• _Required work_: Please reproduce the records exactly, leaving out any pictures.

——

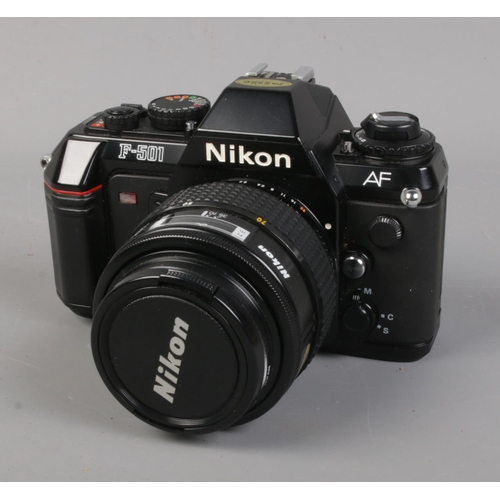 14 - A Nikon F-501 SLR camera with Nikkor 35-70mm F/3.3-4.5 lens (both boxed), Sunpak GX24, carry case an... 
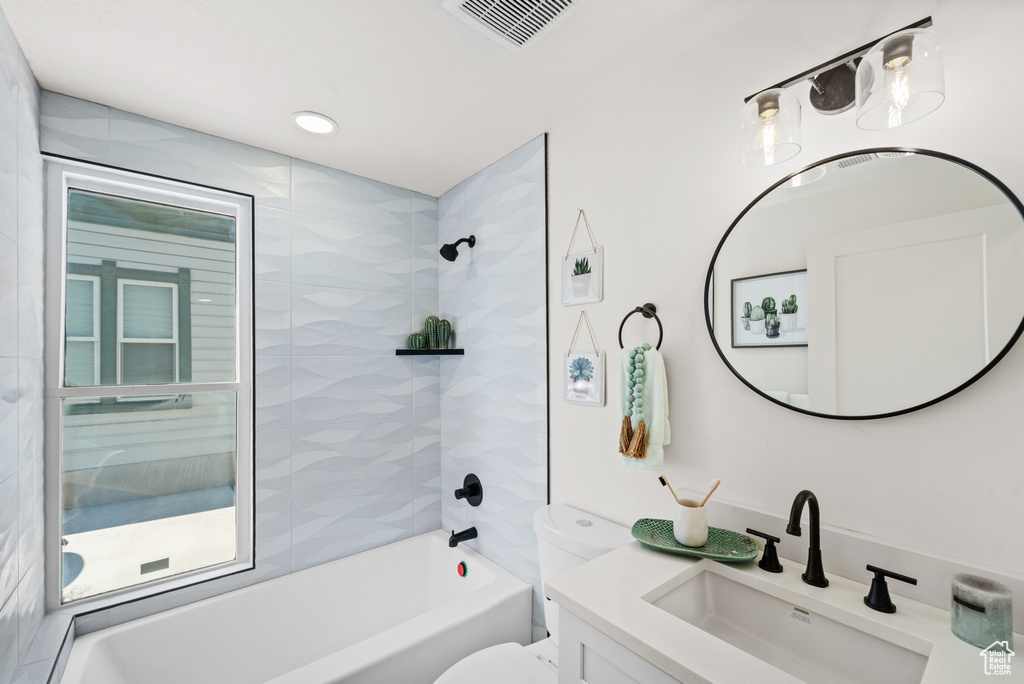 Bathroom with vanity, toilet, and shower / bathtub combination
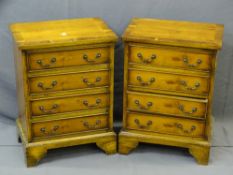 PAIR OF REPRODUCTION YEW WOOD CHESTS OF FOUR DRAWERS on corner bracket feet, 62cms height, 45.5cms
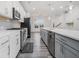 Contemporary kitchen featuring a large island, stainless steel appliances, and sleek white cabinetry at 139 Jameson E Dr, Acworth, GA 30102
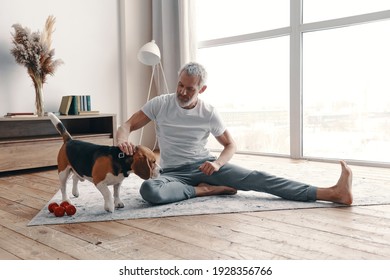 Happy senior man in sport clothing exercising at home near his dog 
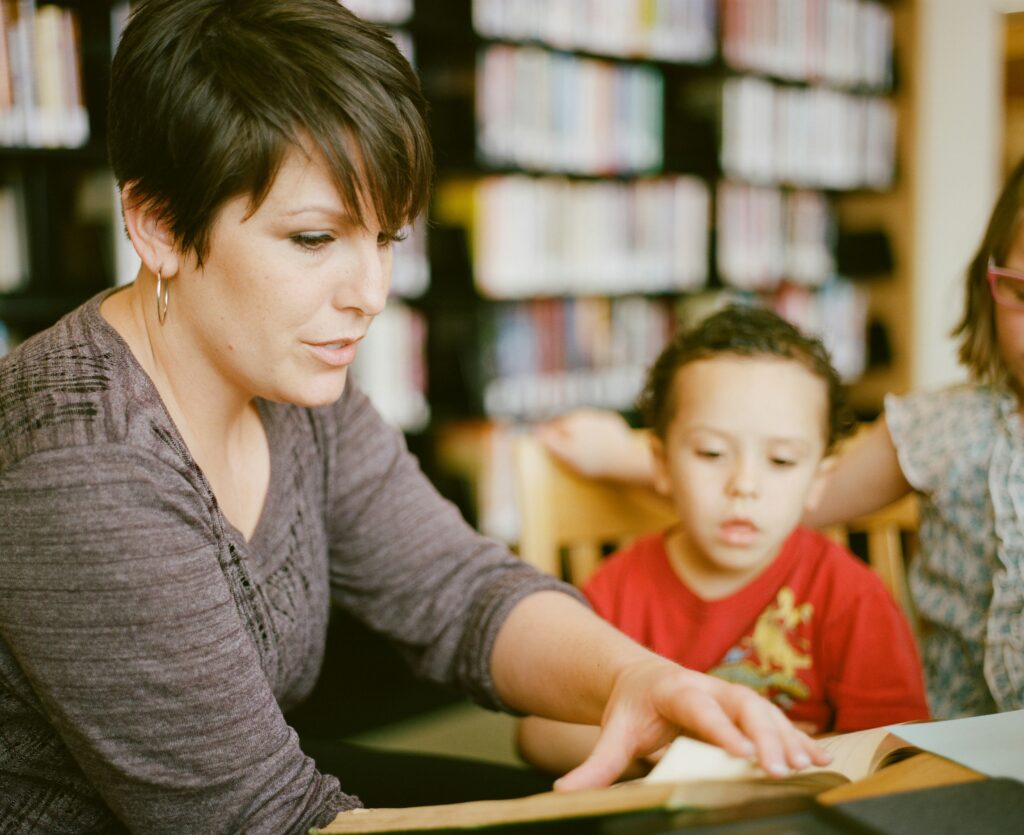 A teacher reading to her students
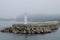 Mini Lighthouse on the coast. small lighthouse on the pier in South Korea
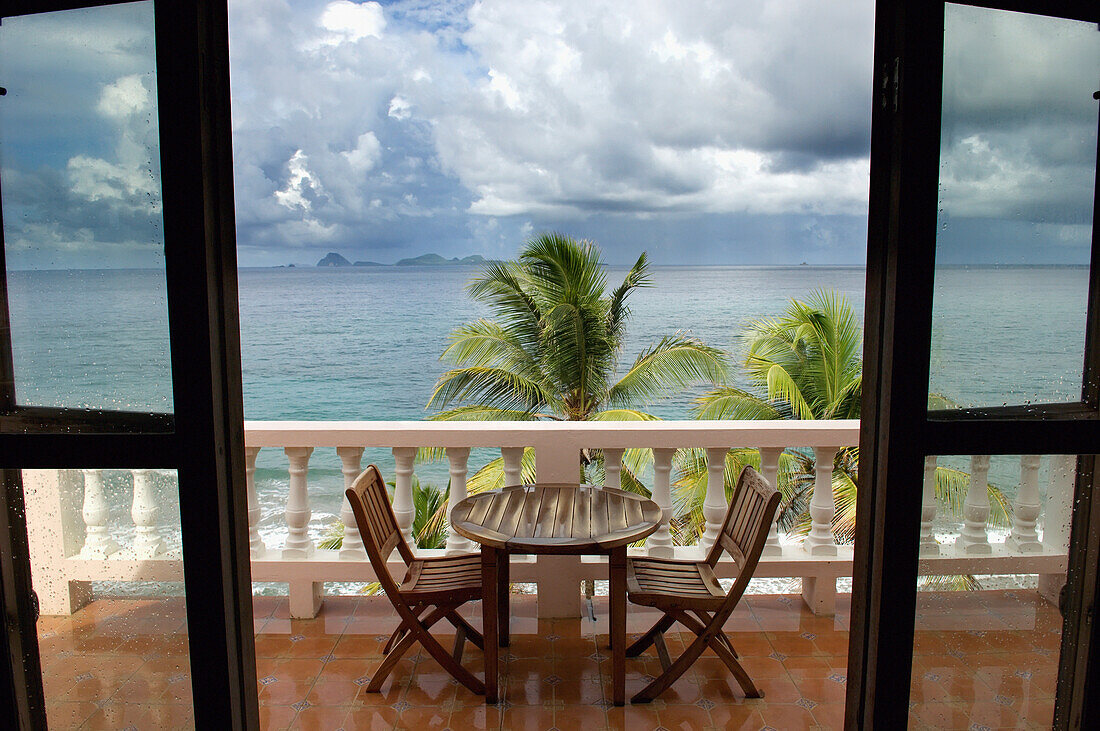 Blick durch eine Türöffnung auf eine Terrasse mit Tisch und Stühlen im Petite Anse Hotel. Sturmwolken sammeln sich über dem Ozean; Grenada, Karibik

——

• _Exercise result_:
 14 - A Nikon F-501 SLR camera with Nikkor 35-70mm F/3.3-4.5 lens (both boxed), Sunpak GX24, carry case an... 
 Bathroom with vanity, toilet, and shower / bathtub combination
 PAIR OF REPRODUCTION YEW WOOD CHESTS OF FOUR DRAWERS on corner bracket feet, 62cms height, 45.5cms
 Contemporary kitchen featuring a large island, stainless steel appliances, and sleek white cabinetry at 139 Jameson E Dr, Acworth, GA 30102
 Happy senior man in sport clothing exercising at home near his dog 
 A teacher reading to her students
 Mini Lighthouse on the coast. small lighthouse on the pier in South Korea
 Blick durch eine Türöffnung auf eine Terrasse mit Tisch und Stühlen im Petite Anse Hotel. Sturmwolken sammeln sich über dem Ozean; Grenada, Karibik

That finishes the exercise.